Although the records contain pictures, the copy must not; reproduce everything else in them exactly.

Segment Start: Given entries

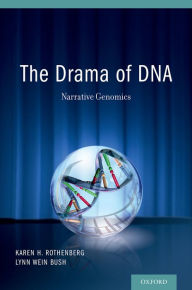 Title: The Drama of DNA: Narrative Genomics, Author: Karen H. Rothenberg JD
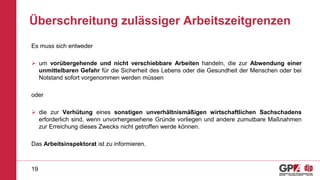 Überschreitung zulässiger Arbeitszeitgrenzen
Es muss sich entweder
 um vorübergehende und nicht verschiebbare Arbeiten handeln, die zur Abwendung einer
unmittelbaren Gefahr für die Sicherheit des Lebens oder die Gesundheit der Menschen oder bei
Notstand sofort vorgenommen werden müssen
oder
 die zur Verhütung eines sonstigen unverhältnismäßigen wirtschaftlichen Sachschadens
erforderlich sind, wenn unvorhergesehene Gründe vorliegen und andere zumutbare Maßnahmen
zur Erreichung dieses Zwecks nicht getroffen werde können.
Das Arbeitsinspektorat ist zu informieren.
19
 
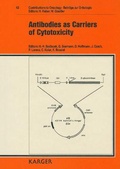 Cover: Beitr&auml;ge zur Onkologie /Contributions to Oncology / Antibodies as Carriers of Cytotoxicity - Karger, S
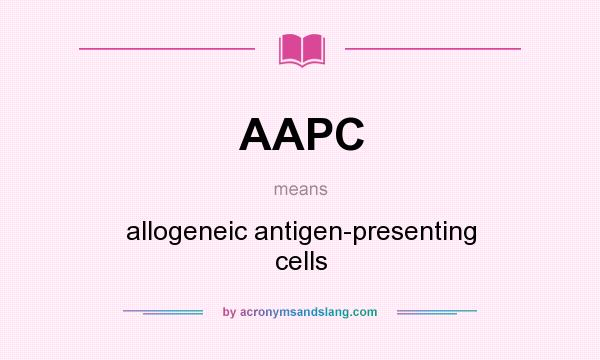 What does AAPC mean? It stands for allogeneic antigen-presenting cells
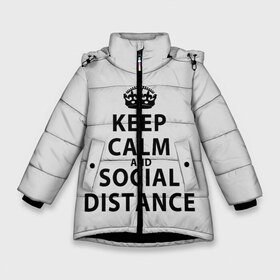 Зимняя куртка для девочек 3D с принтом Keep Calm And Social Distance в Новосибирске, ткань верха — 100% полиэстер; подклад — 100% полиэстер, утеплитель — 100% полиэстер. | длина ниже бедра, удлиненная спинка, воротник стойка и отстегивающийся капюшон. Есть боковые карманы с листочкой на кнопках, утяжки по низу изделия и внутренний карман на молнии. 

Предусмотрены светоотражающий принт на спинке, радужный светоотражающий элемент на пуллере молнии и на резинке для утяжки. | Тематика изображения на принте: 2019 | biohazard | calm | china | coronavirus | covid 19 | inc | keep | ncov | ncov19 | ncov2019 | plague | survivor | virus | warning | вирус | дистанцию | коронавирус | соблюдай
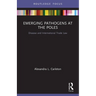 Emerging Pathogens at the Poles: Disease and International Trade Law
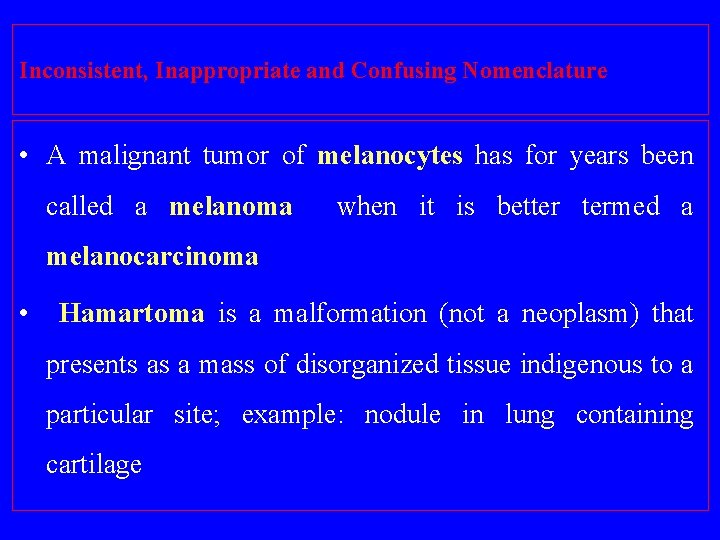 Inconsistent, Inappropriate and Confusing Nomenclature • A malignant tumor of melanocytes has for years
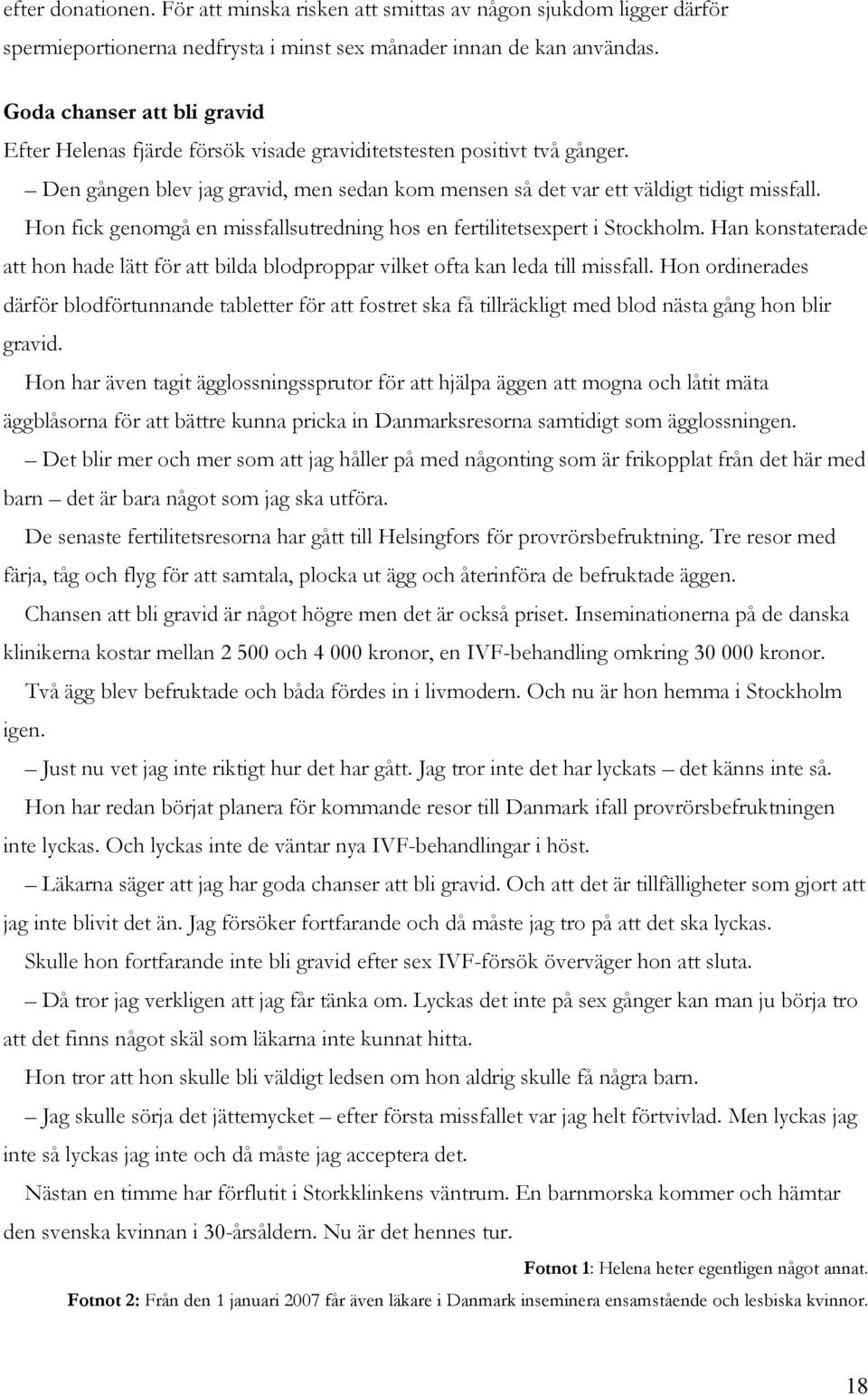 Hon fick genomgå en missfallsutredning hos en fertilitetsexpert i Stockholm. Han konstaterade att hon hade lätt för att bilda blodproppar vilket ofta kan leda till missfall.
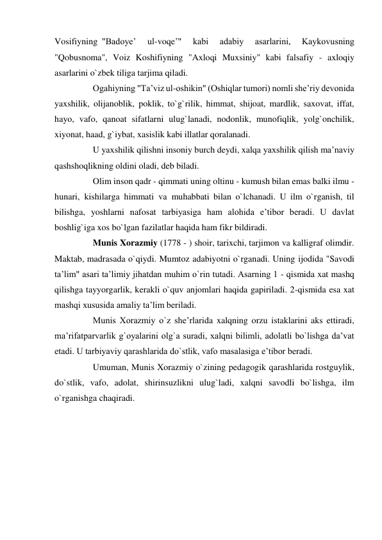 Vosifiyning  "Badoye’ 
ul-voqe’" 
kabi 
adabiy 
asarlarini, 
Kaykovusning 
"Qobusnoma", Voiz Koshifiyning "Axloqi Muxsiniy" kabi falsafiy - axloqiy 
asarlarini o`zbek tiliga tarjima qiladi. 
       Ogahiyning "Ta’viz ul-oshikin" (Oshiqlar tumori) nomli she’riy devonida 
yaxshilik, olijanoblik, poklik, to`g`rilik, himmat, shijoat, mardlik, saxovat, iffat, 
hayo, vafo, qanoat sifatlarni ulug`lanadi, nodonlik, munofiqlik, yolg`onchilik, 
xiyonat, haad, g`iybat, xasislik kabi illatlar qoralanadi. 
       U yaxshilik qilishni insoniy burch deydi, xalqa yaxshilik qilish ma’naviy 
qashshoqlikning oldini oladi, deb biladi. 
       Olim inson qadr - qimmati uning oltinu - kumush bilan emas balki ilmu - 
hunari,  kishilarga  himmati  va  muhabbati bilan o`lchanadi. U ilm o`rganish, til 
bilishga, yoshlarni nafosat tarbiyasiga ham alohida e’tibor beradi. U davlat 
boshlig`iga xos bo`lgan fazilatlar haqida ham fikr bildiradi. 
       Munis Xorazmiy (1778 - ) shoir, tarixchi, tarjimon va kalligraf olimdir. 
Maktab, madrasada o`qiydi. Mumtoz adabiyotni o`rganadi. Uning ijodida "Savodi 
ta’lim" asari ta’limiy jihatdan muhim o`rin tutadi. Asarning 1 - qismida xat mashq 
qilishga tayyorgarlik, kerakli o`quv anjomlari haqida gapiriladi. 2-qismida esa xat 
mashqi xususida amaliy ta’lim beriladi. 
       Munis Xorazmiy o`z she’rlarida xalqning orzu istaklarini aks ettiradi, 
ma’rifatparvarlik g`oyalarini olg`a suradi, xalqni bilimli, adolatli bo`lishga da’vat 
etadi. U tarbiyaviy qarashlarida do`stlik, vafo masalasiga e’tibor beradi. 
       Umuman, Munis Xorazmiy o`zining pedagogik qarashlarida rostguylik, 
do`stlik, vafo, adolat, shirinsuzlikni ulug`ladi, xalqni savodli bo`lishga, ilm 
o`rganishga chaqiradi.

Segment End: Given entries

- **Exercise answer**
 Title: The Drama of DNA: Narrative Genomics, Author: Karen H. Rothenberg JD
 Überschreitung zulässiger Arbeitszeitgrenzen
Es muss sich entweder
 um vorübergehende und nicht verschiebbare Arbeiten handeln, die zur Abwendung einer
unmittelbaren Gefahr für die Sicherheit des Lebens oder die Gesundheit der Menschen oder bei
Notstand sofort vorgenommen werden müssen
oder
 die zur Verhütung eines sonstigen unverhältnismäßigen wirtschaftlichen Sachschadens
erforderlich sind, wenn unvorhergesehene Gründe vorliegen und andere zumutbare Maßnahmen
zur Erreichung dieses Zwecks nicht getroffen werde können.
Das Arbeitsinspektorat ist zu informieren.
19
 
 Cover: Beitr&auml;ge zur Onkologie /Contributions to Oncology / Antibodies as Carriers of Cytotoxicity - Karger, S
 What does AAPC mean? It stands for allogeneic antigen-presenting cells
 Зимняя куртка для девочек 3D с принтом Keep Calm And Social Distance в Новосибирске, ткань верха — 100% полиэстер; подклад — 100% полиэстер, утеплитель — 100% полиэстер. | длина ниже бедра, удлиненная спинка, воротник стойка и отстегивающийся капюшон. Есть боковые карманы с листочкой на кнопках, утяжки по низу изделия и внутренний карман на молнии. 

Предусмотрены светоотражающий принт на спинке, радужный светоотражающий элемент на пуллере молнии и на резинке для утяжки. | Тематика изображения на принте: 2019 | biohazard | calm | china | coronavirus | covid 19 | inc | keep | ncov | ncov19 | ncov2019 | plague | survivor | virus | warning | вирус | дистанцию | коронавирус | соблюдай
 Emerging Pathogens at the Poles: Disease and International Trade Law
 Inconsistent, Inappropriate and Confusing Nomenclature • A malignant tumor of melanocytes has for years
 Hon fick genomgå en missfallsutredning hos en fertilitetsexpert i Stockholm. Han konstaterade att hon hade lätt för att bilda blodproppar vilket ofta kan leda till missfall.
 Vosifiyning  "Badoye’ 
ul-voqe’" 
kabi 
adabiy 
asarlarini, 
Kaykovusning 
"Qobusnoma", Voiz Koshifiyning "Axloqi Muxsiniy" kabi falsafiy - axloqiy 
asarlarini o`zbek tiliga tarjima qiladi. 
       Ogahiyning "Ta’viz ul-oshikin" (Oshiqlar tumori) nomli she’riy devonida 
yaxshilik, olijanoblik, poklik, to`g`rilik, himmat, shijoat, mardlik, saxovat, iffat, 
hayo, vafo, qanoat sifatlarni ulug`lanadi, nodonlik, munofiqlik, yolg`onchilik, 
xiyonat, haad, g`iybat, xasislik kabi illatlar qoralanadi. 
       U yaxshilik qilishni insoniy burch deydi, xalqa yaxshilik qilish ma’naviy 
qashshoqlikning oldini oladi, deb biladi. 
       Olim inson qadr - qimmati uning oltinu - kumush bilan emas balki ilmu - 
hunari,  kishilarga  himmati  va  muhabbati bilan o`lchanadi. U ilm o`rganish, til 
bilishga, yoshlarni nafosat tarbiyasiga ham alohida e’tibor beradi. U davlat 
boshlig`iga xos bo`lgan fazilatlar haqida ham fikr bildiradi. 
       Munis Xorazmiy (1778 - ) shoir, tarixchi, tarjimon va kalligraf olimdir. 
Maktab, madrasada o`qiydi. Mumtoz adabiyotni o`rganadi. Uning ijodida "Savodi 
ta’lim" asari ta’limiy jihatdan muhim o`rin tutadi. Asarning 1 - qismida xat mashq 
qilishga tayyorgarlik, kerakli o`quv anjomlari haqida gapiriladi. 2-qismida esa xat 
mashqi xususida amaliy ta’lim beriladi. 
       Munis Xorazmiy o`z she’rlarida xalqning orzu istaklarini aks ettiradi, 
ma’rifatparvarlik g`oyalarini olg`a suradi, xalqni bilimli, adolatli bo`lishga da’vat 
etadi. U tarbiyaviy qarashlarida do`stlik, vafo masalasiga e’tibor beradi. 
       Umuman, Munis Xorazmiy o`zining pedagogik qarashlarida rostguylik, 
do`stlik, vafo, adolat, shirinsuzlikni ulug`ladi, xalqni savodli bo`lishga, ilm 
o`rganishga chaqiradi.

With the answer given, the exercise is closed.